Aldus vastgesteld door mr. A.W.M. Bijloos, voorzitter, en mr. F.C.M.A. Michiels en mr. E.J. Daalder, leden, in tegenwoordigheid van mr. K.S. Man, griffier.

w.g. Bijloos    w.g. Man
voorzitter    griffier

Uitgesproken in het openbaar op 21 augustus 2019

629.

BIJLAGE

Wet luchtvaart

Artikel 1.1

In deze wet en de daarop berustende bepalingen wordt verstaan onder:

luchthaven: een terrein geheel of gedeeltelijk bestemd voor het opstijgen en het landen van luchtvaartuigen met inbegrip van:

1°. de daarmee verband houdende bewegingen van luchtvaartuigen op de grond,

2°. de afwikkeling van het in de aanhef en onder 1° bedoelde luchtverkeer, of

3°. bedrijfsmatige activiteiten die samenhangen met de afwikkeling van het in de aanhef en onder 1° bedoelde luchtverkeer.

Artikel 8.1a

1. Het is verboden met een luchtvaartuig op te stijgen of te landen, anders dan van of op een luchthaven.

2. […].

3. Het is verboden een overige burgerluchthaven in bedrijf te hebben indien voor deze luchthaven geen luchthavenbesluit of luchthavenregeling geldt. Vaststelling van een luchthavenbesluit is vereist indien buiten het luchthavengebied het externe-veiligheidsrisico of de geluidbelasting vanwege het luchthavenluchtverkeer zodanig is dat dit gevolgen heeft voor de ruimtelijke indeling van het gebied rond de luchthaven. Bij of krachtens algemene maatregel van bestuur wordt de mate van externe-veiligheidsrisico of geluidbelasting buiten het luchthavengebied bepaald die vaststelling van gevolgen voor de ruimtelijke indeling van het gebied rond de luchthaven noodzakelijk maakt. Daarbij kan worden bepaald dat voor daarbij te omschrijven luchthavens in elk geval kan worden volstaan met de vaststelling van een luchthavenregeling. De voordracht voor een krachtens dit lid vast te stellen algemene maatregel van bestuur wordt niet eerder gedaan dan vier weken nadat het ontwerp aan beide kamers der Staten-Generaal is overgelegd.
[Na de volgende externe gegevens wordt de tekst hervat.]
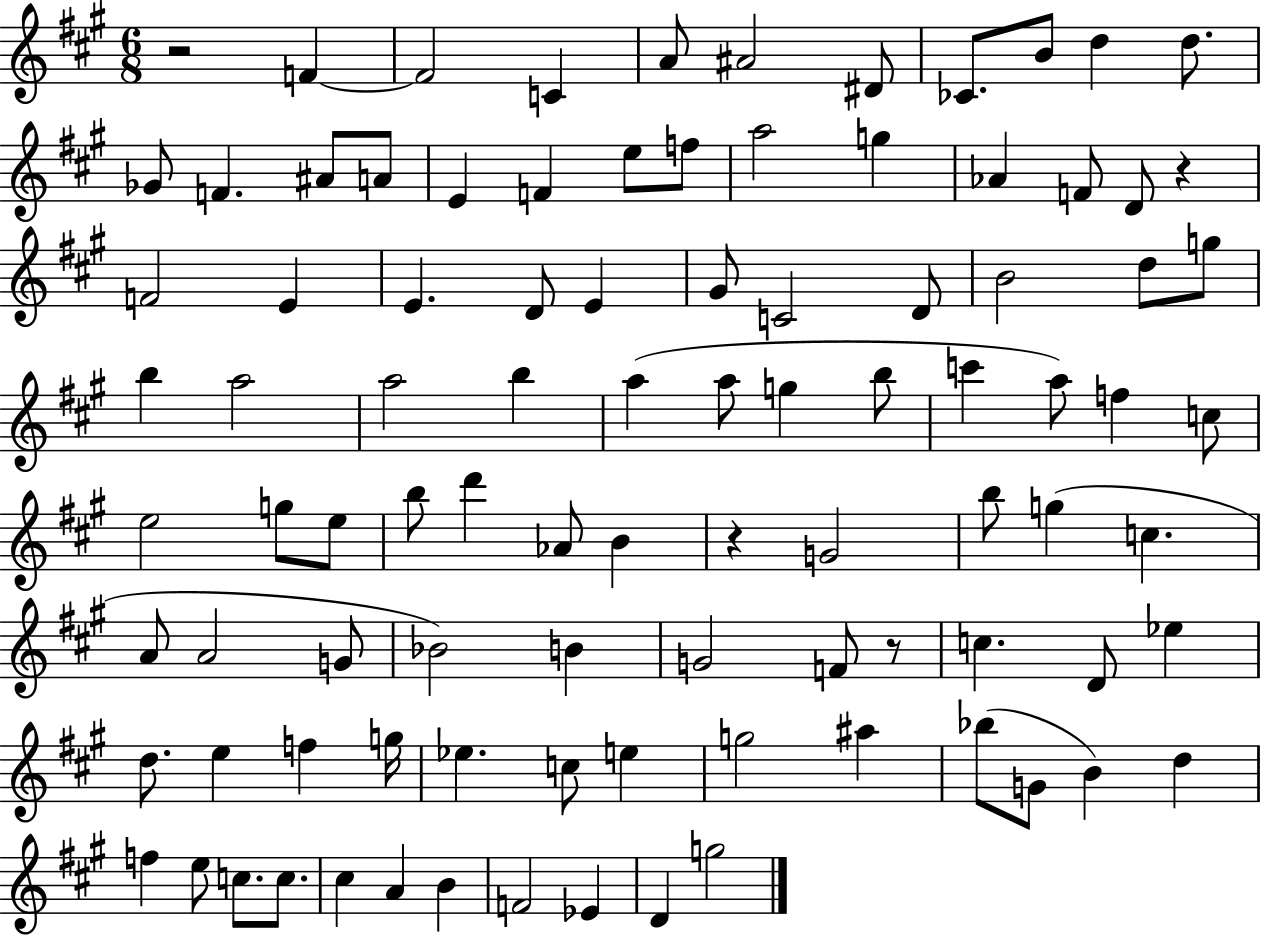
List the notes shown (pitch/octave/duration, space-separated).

R/h F4/q F4/h C4/q A4/e A#4/h D#4/e CES4/e. B4/e D5/q D5/e. Gb4/e F4/q. A#4/e A4/e E4/q F4/q E5/e F5/e A5/h G5/q Ab4/q F4/e D4/e R/q F4/h E4/q E4/q. D4/e E4/q G#4/e C4/h D4/e B4/h D5/e G5/e B5/q A5/h A5/h B5/q A5/q A5/e G5/q B5/e C6/q A5/e F5/q C5/e E5/h G5/e E5/e B5/e D6/q Ab4/e B4/q R/q G4/h B5/e G5/q C5/q. A4/e A4/h G4/e Bb4/h B4/q G4/h F4/e R/e C5/q. D4/e Eb5/q D5/e. E5/q F5/q G5/s Eb5/q. C5/e E5/q G5/h A#5/q Bb5/e G4/e B4/q D5/q F5/q E5/e C5/e. C5/e. C#5/q A4/q B4/q F4/h Eb4/q D4/q G5/h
Regeling burgerluchthavens

Artikel 18

1. Van het verbod bedoeld in artikel 8.1a, derde lid, eerste volzin, van de wet worden vrijgesteld:

[…];

f. luchthavens die uitsluitend worden gebruikt voor het opstijgen met gemotoriseerde schermvliegtuigen.

2. Van de in het vorige lid, onderdelen c tot en met f bedoelde vrijstelling kan slechts gebruik worden gemaakt onder de voorwaarden dat de gebruiker van de luchthaven beschikt over een door de burgemeester van de gemeente waar de luchthaven is gelegen, in verband met de openbare orde en veiligheid, afgegeven verklaring van geen bezwaar en dat de gebruiker van de luchthaven mededeling doet van de afgifte van deze verklaring aan de inspecteur-generaal van de Inspectie Leefomgeving en Transport.